C’est donc une coalition qui donne à l’opposition une autre image et une autre force. La preuve en est que la présidentielle de samedi dernier est certainement la plus indécise depuis 1993. Pour la première fois, le parti au pouvoir se plaint de fraude. Les chiffres rendus publics jusqu’à dimanche donnaient très peu de chances à Ali Bongo Ondimba de l’emporter. En d’autres termes, c’était la première fois depuis 1993 et le «Hold-up» électoral d’Omar Bongo, que l’alternance politique avait un sens pour les Gabonais.
Du point de vue historique, cette élection est la première où un candidat de l’opposition prétend avoir largement battu le candidat du parti au pouvoir. Souvent les écarts annoncés n’ont jamais dépassé les dix points. L’équipe de Jean Ping annonçait avoir obtenu plus de 60% des voix contre un peu plus de 30% pour Ali Bongo. Ce sont des chiffres absolument hallucinants qui ont eu le mérite de mettre le PDG dans un état assez inhabituel. Autre élément à souligner, les observateurs ont indiqué que le scrutin avait eu lieu dans le calme. Mais les Gabonais ont toujours voté dans le calme. En 1966, malgré les intimidations faites aux membres de l’opposition, le vote s’est déroulé dans le calme. En 1993, 1998, 2005 et 2009, toujours dans le calme.

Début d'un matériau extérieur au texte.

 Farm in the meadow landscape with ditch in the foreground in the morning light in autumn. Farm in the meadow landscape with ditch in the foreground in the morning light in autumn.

Les troubles sont souvent intervenus après la proclamation des résultats qui n’ont pas souvent correspondu à la vérité, selon l’opposition. Dernier élément, le taux de participation. Depuis le retour au multipartisme, le taux d’abstention n’a cessé de croître.

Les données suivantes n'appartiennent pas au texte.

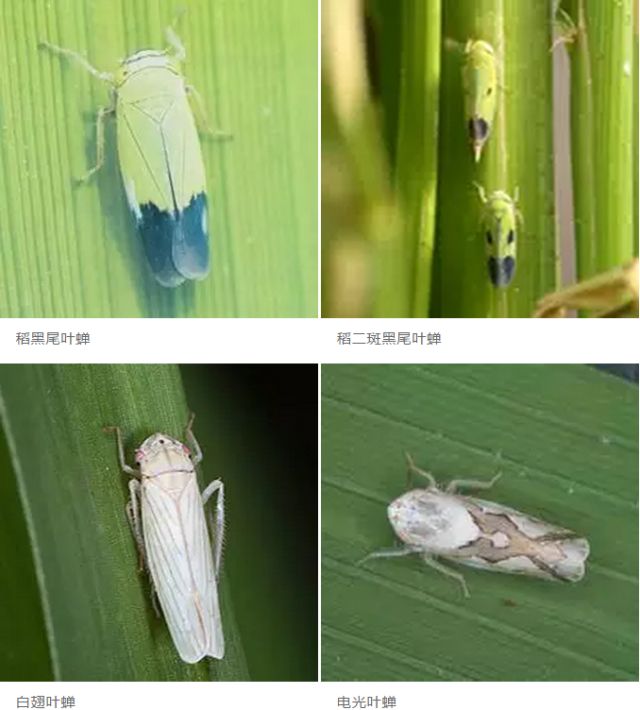 水稻病虫害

1993 a vu un taux de participation important parce que les Gabonais croyaient en l’alternance après avoir vu comment au Bénin et au Centrafrique ça avait bougé. Mais la déception fut grande. En 1998 et 2005, les citoyens ne sont pas allés au vote. Mais en 2009, il y a eu un retour aux urnes. Les conditions de préparation du scrutin de cette année et la difficulté de l’opposition à choisir rapidement un candidat et à définir un projet de société commun plus tôt ont impacté sur les inscriptions sur les listes électorales. Mais au finish, ce sont 628 000 personnes qui étaient appelées aux urnes. Le taux de participation a finalement été plus élevé que ce que l’on aurait imaginé.
Quoi qu’il en soit, la vie politique au Gabon sera toute autre au lendemain de cette élection présidentielle.
(1) L’Union française est l’organisation politique de la France et de son empire colonial créée par la Constitution de la Quatrième République. Elle regroupe la métropole, les départements et territoires d’outre-mer, des territoires associés (sous mandat) et des États associés (sous protectorat).